L’ultima sezione, “I Pini della Via Appia“, raffigura i pini lungo l’antica consolare romana Via Appia. In un’alba nebbiosa, una legione avanza lungo la via Appia nel fulgore del sole appena sorto. Respighi voleva far sentire la terra tremare sotto i passi del suo esercito e diede all’organo il compito di descriverne tale sensazione. 

Il ritmo del passo di marcia dell’esercito consolare è scandito da timpani, pianoforte, violoncelli e contrabbassi. I corni ci presentano frammenti di fanfare mentre i clarinetti introducono quello che sarà il tema conduttore di tutto il brano. Il corno inglese si inserisce con una melodia esotica, quasi una danza orientale, prima che i corni diano avvio al poderoso amplissimo crescendo cui si uniscono progressivamente tutti gli altri strumenti per preparare la sfarzosa conclusione. Da notare l’impiego di sei flicorni che sono uno strumento tipicamente bandistico poco usato in orchestra.

Il pezzo si conclude con un trionfo di trombe delle legioni sul Campidoglio.

I Pini di Roma richiede l’impiego di una grande orchestra:

  • legni: 3 ottavini, 2 flauti, 2 oboi, corno inglese, 2 clarinetti in Si bemolle e in La, clarinetto basso in Si bemolle e in La, 2 fagotti, controfagotto
  • ottoni: 4 corni in Fa, Sol, 3 trombe in Si bemolle, 2 tromboni tenori, 1 trombone basso, 1 tuba, 6 buccine in Si bemolle (a tutt’oggi sostituite da flicorni: 2 soprano, 2 tenore, 2 basso), trombe fuori scena
  • percussioni: timpani, grancassa, piatti, 2 piccoli piatti, tam-tam, triangolo, raganella, tamburo, glockenspiel
  • tastiere: organo, pianoforte, celesta
  • arpa
  • archi: violini I e II, viole, violoncelli, contrabbassi
  • fonografo (per la riproduzione del canto dell’usignolo)
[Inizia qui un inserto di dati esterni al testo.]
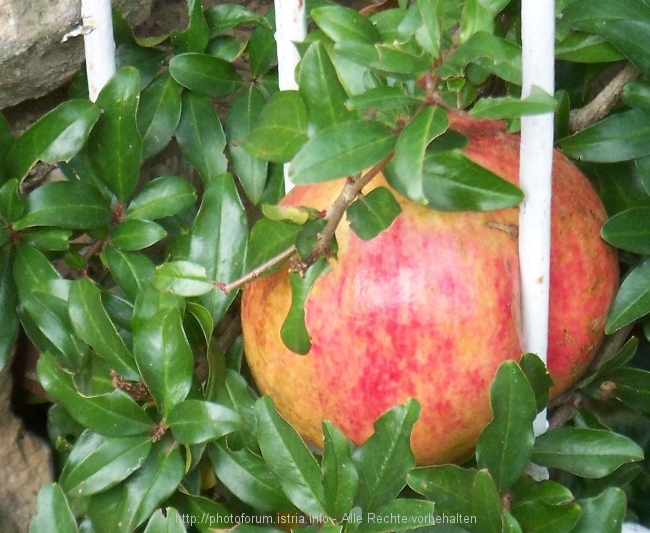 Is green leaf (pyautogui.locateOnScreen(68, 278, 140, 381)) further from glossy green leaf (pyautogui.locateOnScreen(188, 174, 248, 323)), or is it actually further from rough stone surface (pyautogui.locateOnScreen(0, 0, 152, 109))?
rough stone surface (pyautogui.locateOnScreen(0, 0, 152, 109))

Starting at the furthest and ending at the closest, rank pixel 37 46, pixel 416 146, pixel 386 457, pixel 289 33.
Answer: pixel 37 46
pixel 289 33
pixel 386 457
pixel 416 146

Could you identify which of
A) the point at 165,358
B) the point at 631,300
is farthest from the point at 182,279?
the point at 631,300

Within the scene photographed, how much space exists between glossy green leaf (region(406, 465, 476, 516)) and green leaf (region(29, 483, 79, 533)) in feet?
1.06

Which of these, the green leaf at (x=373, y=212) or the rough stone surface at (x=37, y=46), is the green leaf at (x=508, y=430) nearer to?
the green leaf at (x=373, y=212)

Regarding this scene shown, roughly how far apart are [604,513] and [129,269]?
50 centimetres

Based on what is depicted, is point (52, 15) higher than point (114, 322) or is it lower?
higher

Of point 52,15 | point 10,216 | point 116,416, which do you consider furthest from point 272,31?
point 116,416

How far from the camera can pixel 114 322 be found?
0.74 m

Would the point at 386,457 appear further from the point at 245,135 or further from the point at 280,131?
the point at 245,135

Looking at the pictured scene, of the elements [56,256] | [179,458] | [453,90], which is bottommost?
[179,458]

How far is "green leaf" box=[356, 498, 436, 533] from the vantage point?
1.86ft

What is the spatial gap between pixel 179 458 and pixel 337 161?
0.33m

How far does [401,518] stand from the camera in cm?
57

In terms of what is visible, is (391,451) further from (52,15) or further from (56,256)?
(52,15) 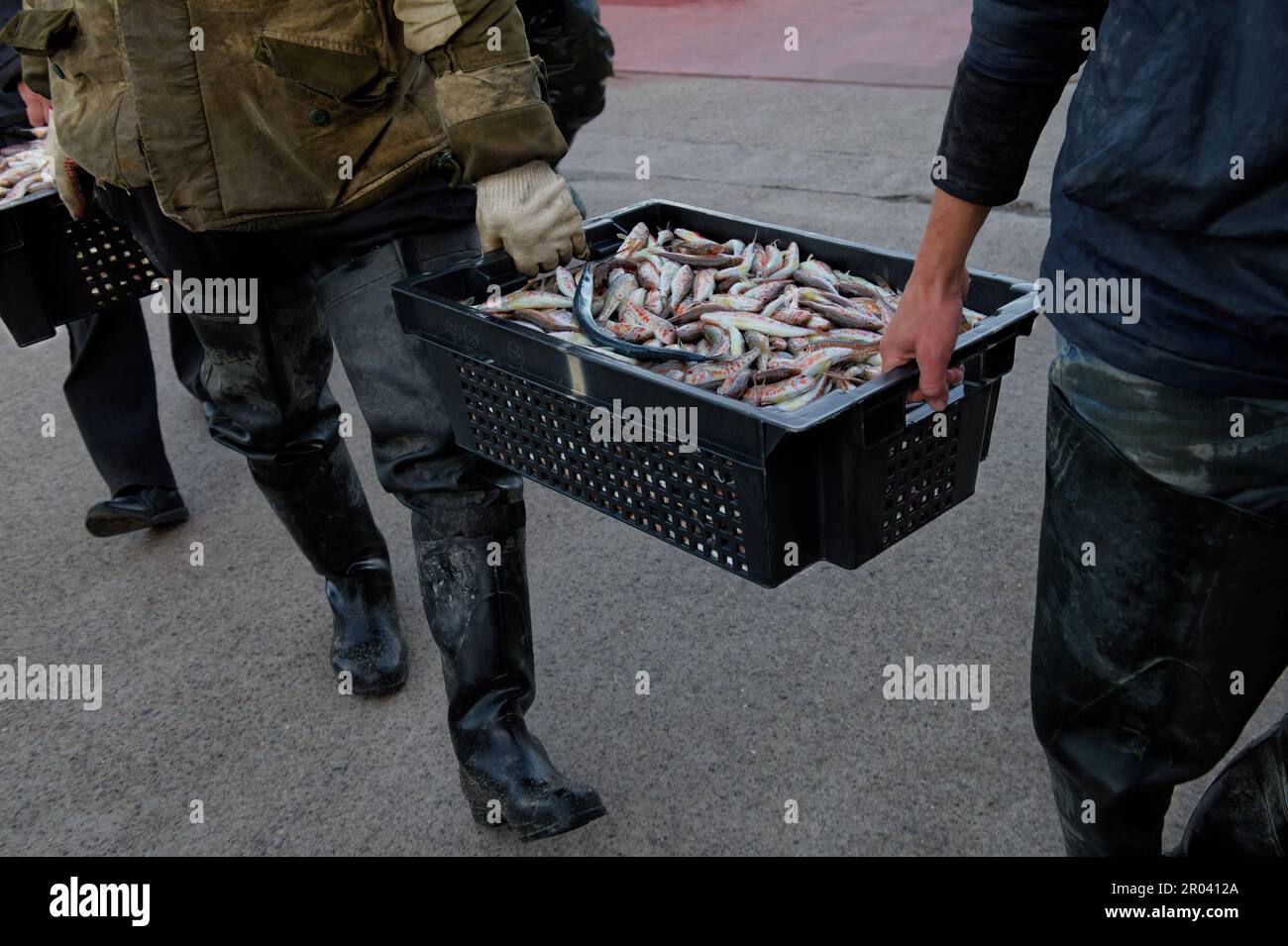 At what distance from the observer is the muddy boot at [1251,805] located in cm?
191

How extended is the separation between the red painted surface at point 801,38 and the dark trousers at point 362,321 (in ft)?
24.4

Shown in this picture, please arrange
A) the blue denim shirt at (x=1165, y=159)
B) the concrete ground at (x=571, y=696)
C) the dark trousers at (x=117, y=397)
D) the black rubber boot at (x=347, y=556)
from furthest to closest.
→ the dark trousers at (x=117, y=397), the black rubber boot at (x=347, y=556), the concrete ground at (x=571, y=696), the blue denim shirt at (x=1165, y=159)

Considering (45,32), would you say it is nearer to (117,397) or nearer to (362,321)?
(362,321)

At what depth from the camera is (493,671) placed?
2.62 meters

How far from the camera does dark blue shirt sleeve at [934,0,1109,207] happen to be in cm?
167

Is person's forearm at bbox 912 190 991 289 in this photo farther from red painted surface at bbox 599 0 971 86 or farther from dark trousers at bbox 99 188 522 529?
red painted surface at bbox 599 0 971 86

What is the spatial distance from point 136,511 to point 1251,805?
11.1 ft

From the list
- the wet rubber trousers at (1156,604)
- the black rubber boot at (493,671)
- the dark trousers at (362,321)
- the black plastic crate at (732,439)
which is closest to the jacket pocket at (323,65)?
the dark trousers at (362,321)

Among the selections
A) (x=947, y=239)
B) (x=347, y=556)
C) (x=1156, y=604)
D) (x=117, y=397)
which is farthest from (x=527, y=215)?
(x=117, y=397)

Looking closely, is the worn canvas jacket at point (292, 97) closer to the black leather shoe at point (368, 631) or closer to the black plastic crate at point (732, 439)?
the black plastic crate at point (732, 439)

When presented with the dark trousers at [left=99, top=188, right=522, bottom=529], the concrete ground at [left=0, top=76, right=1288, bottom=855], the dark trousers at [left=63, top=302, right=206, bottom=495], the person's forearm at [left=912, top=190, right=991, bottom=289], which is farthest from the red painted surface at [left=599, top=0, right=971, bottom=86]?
the person's forearm at [left=912, top=190, right=991, bottom=289]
Curiosità sull’ utilizzo del poema “I Pini di Roma

Una versione arrangiata commenta un brano del film d’animazione Fantasia 2000 della Walt Disney, con delle balene megattere volare nell’aria. Il secondo movimento del pezzo è omesso, insieme con l’assolo del corno inglese nel quarto movimento.

Il componimento è stato usato nella sua interezza in A Movie (1958) di Bruce Conner.

Alcuni estratti appaiono in Fireworks di Kenneth Anger.

L’introduzione è utilizzata nella canzone del 1983 City of Love del gruppo rock gruppo Yes.

Il componimento è alla base della maggior parte del repertorio musicale eseguito in occasione del campionato mondiale dei Drum Corps International, allo Star of Indiana’s 1991.

Qualche stralcio è stato utilizzato in una pubblicità della ditta alimentare Levoni nel 1998.